Premessa: Essere orgogliosi e fieri della propria unicità è molto gratificante; pensare che gli uomini sono tante Unicità inconciliabili tra loro è, obiettivamente drammatico.
Considerazioni-
Alla prima lettura nasce, intrisa di curiosità e incontestabile meraviglia, la chiara intenzione di “ridefinire” il limite degli stimoli sub-liminari che governano il vissuto. Coinvolge il lettore trascinandolo in un labirinto, senza via d’ uscita, abitato da sentimenti ed emozioni, da tutti vissuti e mai decodificati. È la continua ricerca, nella logica della incoerenza umana, di trovare la risposta esaustiva al bisogno di definire le coordinate della dimensione “vita”. Infatti, l’angosciante quesito: potrebbe essere amore la gioia del dissolversi e la leggerezza finale del non esistere?, sono l’humus e la struttura portante dei vari accadimenti. L’attesa e la ricerca spasmodica della felicità, pregnano il prima e il dopo, non facendo cogliere ai nostri “con coscienza l’attimo”.
Nelle pieghe emotive dei nostri si percepisce, anche, un messaggio sconvolgente: le relazioni umane interpersonali sono solo convenzioni, strutturate per soddisfare i bisogni-necessità-curiosità dell’umano quotidiano.
Nel fisiologico divenire irrompe l’imprevedibile, l’inatteso, l’amore. Amore sublime e tanto dolce da sfuggire ad ogni codificazione e collocazione. È un continuo divenire del non-senso che, una volta superata la pubertà della vita, si apre ad emozioni, ignote agli eletti ma nutrimento per il “popolo”.
Raffaella Laterza (proprietario verificato)

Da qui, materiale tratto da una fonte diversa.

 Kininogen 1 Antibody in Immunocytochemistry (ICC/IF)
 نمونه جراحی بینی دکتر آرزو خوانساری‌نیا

Ho appena finito di leggere “Cronaca di un giorno non esistito” attraverso le bozze integrali che mi sono state rilasciate in seguito al pre -ordine. Le caratteristiche del racconto che più mi hanno coinvolto nella lettura sono l’incedere delle parole e il ritmo della narrazione, che assume una conformazione quasi musicale. Le parole sono concatenate e hanno un senso che non è solo di significato ma anche di suono, si legano le une alle altre in concordanze di etimologia e di contenuto che vanno al di là della mera descrizione. A tal proposito mi ha stupito la capacità di indagine dell’autrice, che si insinua a fondo nella natura dei personaggi. E’ di certo una scrittura “deviante” dalla norma: si arrampica e si attorciglia in una narrazione che non è costituita da una vera e propria trama, ma vuole esprimere sensazioni, pensieri, introspezioni. Ne consiglio vivamente la lettura, oltre che per il contenuto, anche per il modo di scrivere!